Directions — Everything in the listing below from the line containing "成人精品aⅴ市场持续升温，用户需求日益增长" through the line containing "PT Gowa Makassar" must be repeated exactly; the remaining lines are not wanted.
-------- Extracted data
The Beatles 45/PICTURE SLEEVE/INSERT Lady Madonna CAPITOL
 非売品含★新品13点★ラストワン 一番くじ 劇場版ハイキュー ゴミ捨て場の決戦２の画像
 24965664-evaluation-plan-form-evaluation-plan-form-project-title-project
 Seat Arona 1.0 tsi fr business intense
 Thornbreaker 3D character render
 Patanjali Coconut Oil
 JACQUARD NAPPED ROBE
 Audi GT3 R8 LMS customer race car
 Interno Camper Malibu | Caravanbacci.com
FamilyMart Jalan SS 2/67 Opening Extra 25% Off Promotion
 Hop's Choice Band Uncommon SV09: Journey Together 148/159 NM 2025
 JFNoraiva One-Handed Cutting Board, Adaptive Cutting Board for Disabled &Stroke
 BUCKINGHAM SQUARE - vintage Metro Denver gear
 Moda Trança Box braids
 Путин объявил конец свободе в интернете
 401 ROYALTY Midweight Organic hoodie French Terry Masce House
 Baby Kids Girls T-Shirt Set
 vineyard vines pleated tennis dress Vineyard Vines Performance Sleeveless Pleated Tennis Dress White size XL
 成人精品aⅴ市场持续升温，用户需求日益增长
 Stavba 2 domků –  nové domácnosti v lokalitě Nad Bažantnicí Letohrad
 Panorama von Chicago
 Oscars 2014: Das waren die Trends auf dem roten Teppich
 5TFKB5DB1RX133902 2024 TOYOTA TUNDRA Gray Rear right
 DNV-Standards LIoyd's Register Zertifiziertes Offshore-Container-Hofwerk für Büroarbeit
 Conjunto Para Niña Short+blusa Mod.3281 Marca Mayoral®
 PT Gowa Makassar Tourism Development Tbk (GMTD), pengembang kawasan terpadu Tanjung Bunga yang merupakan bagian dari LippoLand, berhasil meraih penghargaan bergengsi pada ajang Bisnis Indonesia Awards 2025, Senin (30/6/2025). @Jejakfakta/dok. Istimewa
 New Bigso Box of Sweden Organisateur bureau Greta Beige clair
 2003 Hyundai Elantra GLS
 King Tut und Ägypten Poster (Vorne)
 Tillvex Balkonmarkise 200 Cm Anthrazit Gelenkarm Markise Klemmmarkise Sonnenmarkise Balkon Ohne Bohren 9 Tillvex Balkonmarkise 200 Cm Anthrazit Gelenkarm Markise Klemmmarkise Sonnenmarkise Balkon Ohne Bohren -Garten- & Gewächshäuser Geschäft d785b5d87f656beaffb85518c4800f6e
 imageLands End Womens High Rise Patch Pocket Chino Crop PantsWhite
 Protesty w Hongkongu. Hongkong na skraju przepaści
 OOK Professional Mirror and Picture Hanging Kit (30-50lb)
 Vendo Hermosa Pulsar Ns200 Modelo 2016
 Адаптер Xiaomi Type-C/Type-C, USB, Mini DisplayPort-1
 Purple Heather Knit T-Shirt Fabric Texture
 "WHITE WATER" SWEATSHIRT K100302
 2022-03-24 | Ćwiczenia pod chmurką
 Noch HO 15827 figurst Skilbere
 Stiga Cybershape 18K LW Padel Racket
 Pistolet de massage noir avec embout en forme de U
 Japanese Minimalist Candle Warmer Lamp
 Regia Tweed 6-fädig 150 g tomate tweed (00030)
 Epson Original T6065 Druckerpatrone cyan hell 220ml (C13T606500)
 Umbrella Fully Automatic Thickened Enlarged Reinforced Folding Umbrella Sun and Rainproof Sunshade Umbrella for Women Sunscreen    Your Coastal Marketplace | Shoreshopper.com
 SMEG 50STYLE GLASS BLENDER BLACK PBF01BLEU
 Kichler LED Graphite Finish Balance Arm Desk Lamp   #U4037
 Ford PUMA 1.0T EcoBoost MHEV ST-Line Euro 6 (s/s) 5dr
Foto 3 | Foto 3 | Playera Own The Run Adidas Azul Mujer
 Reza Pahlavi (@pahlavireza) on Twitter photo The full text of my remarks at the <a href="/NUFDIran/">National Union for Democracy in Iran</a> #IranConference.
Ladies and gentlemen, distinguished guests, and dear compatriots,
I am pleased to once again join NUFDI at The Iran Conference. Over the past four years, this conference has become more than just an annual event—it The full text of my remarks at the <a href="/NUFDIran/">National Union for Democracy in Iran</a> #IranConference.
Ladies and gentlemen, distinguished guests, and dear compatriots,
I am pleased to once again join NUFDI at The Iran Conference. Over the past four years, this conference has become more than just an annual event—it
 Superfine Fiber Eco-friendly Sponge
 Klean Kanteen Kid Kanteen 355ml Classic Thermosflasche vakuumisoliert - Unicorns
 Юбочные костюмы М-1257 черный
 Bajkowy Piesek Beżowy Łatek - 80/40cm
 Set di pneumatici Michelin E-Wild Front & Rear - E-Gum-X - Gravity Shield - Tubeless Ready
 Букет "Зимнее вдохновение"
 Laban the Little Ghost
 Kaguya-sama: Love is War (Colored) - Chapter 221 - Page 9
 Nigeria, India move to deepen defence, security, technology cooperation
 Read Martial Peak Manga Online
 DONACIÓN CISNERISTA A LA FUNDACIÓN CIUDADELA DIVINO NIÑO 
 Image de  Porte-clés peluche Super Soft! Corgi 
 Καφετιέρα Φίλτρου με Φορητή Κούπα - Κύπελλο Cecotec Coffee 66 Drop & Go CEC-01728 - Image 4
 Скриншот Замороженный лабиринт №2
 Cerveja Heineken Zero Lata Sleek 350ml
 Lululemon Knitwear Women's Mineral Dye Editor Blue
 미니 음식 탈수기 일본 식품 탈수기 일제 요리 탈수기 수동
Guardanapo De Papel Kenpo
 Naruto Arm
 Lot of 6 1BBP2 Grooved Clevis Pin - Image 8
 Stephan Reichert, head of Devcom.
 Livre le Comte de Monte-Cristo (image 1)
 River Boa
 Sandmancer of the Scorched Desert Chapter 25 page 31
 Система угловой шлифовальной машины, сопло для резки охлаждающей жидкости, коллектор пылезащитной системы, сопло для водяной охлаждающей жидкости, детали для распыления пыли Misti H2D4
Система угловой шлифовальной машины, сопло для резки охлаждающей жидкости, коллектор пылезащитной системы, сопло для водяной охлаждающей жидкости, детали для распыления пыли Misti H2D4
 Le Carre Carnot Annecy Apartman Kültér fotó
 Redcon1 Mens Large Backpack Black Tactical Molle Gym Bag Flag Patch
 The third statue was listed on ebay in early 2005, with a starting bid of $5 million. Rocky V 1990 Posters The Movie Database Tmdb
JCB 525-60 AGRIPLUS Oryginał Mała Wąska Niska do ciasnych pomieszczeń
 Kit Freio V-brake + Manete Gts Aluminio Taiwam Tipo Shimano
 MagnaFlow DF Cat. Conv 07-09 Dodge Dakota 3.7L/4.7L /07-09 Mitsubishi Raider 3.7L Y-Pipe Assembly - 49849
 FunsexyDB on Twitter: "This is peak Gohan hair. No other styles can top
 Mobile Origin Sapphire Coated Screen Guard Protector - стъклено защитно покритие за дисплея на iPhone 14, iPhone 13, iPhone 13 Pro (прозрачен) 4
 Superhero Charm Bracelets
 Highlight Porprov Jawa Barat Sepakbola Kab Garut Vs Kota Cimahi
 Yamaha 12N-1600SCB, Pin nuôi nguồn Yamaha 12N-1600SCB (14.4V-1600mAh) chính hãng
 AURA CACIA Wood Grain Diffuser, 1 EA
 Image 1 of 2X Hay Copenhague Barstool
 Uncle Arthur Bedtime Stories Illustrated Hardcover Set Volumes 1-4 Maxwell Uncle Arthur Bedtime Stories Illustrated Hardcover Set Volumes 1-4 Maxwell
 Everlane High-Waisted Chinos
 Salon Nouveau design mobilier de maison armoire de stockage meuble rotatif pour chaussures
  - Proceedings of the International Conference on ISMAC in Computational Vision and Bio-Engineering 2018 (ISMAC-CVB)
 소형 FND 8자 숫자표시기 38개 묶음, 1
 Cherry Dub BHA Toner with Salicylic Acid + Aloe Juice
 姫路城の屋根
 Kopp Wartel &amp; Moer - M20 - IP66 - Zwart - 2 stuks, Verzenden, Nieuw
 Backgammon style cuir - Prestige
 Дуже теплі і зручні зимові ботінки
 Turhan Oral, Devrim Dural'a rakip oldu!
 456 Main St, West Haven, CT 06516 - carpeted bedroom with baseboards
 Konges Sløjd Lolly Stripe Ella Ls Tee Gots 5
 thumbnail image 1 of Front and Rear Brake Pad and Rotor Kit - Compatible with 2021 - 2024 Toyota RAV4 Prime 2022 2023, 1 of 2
----------------
Task output —
 成人精品aⅴ市场持续升温，用户需求日益增长
 Stavba 2 domků –  nové domácnosti v lokalitě Nad Bažantnicí Letohrad
 Panorama von Chicago
 Oscars 2014: Das waren die Trends auf dem roten Teppich
 5TFKB5DB1RX133902 2024 TOYOTA TUNDRA Gray Rear right
 DNV-Standards LIoyd's Register Zertifiziertes Offshore-Container-Hofwerk für Büroarbeit
 Conjunto Para Niña Short+blusa Mod.3281 Marca Mayoral®
 PT Gowa Makassar Tourism Development Tbk (GMTD), pengembang kawasan terpadu Tanjung Bunga yang merupakan bagian dari LippoLand, berhasil meraih penghargaan bergengsi pada ajang Bisnis Indonesia Awards 2025, Senin (30/6/2025). @Jejakfakta/dok. Istimewa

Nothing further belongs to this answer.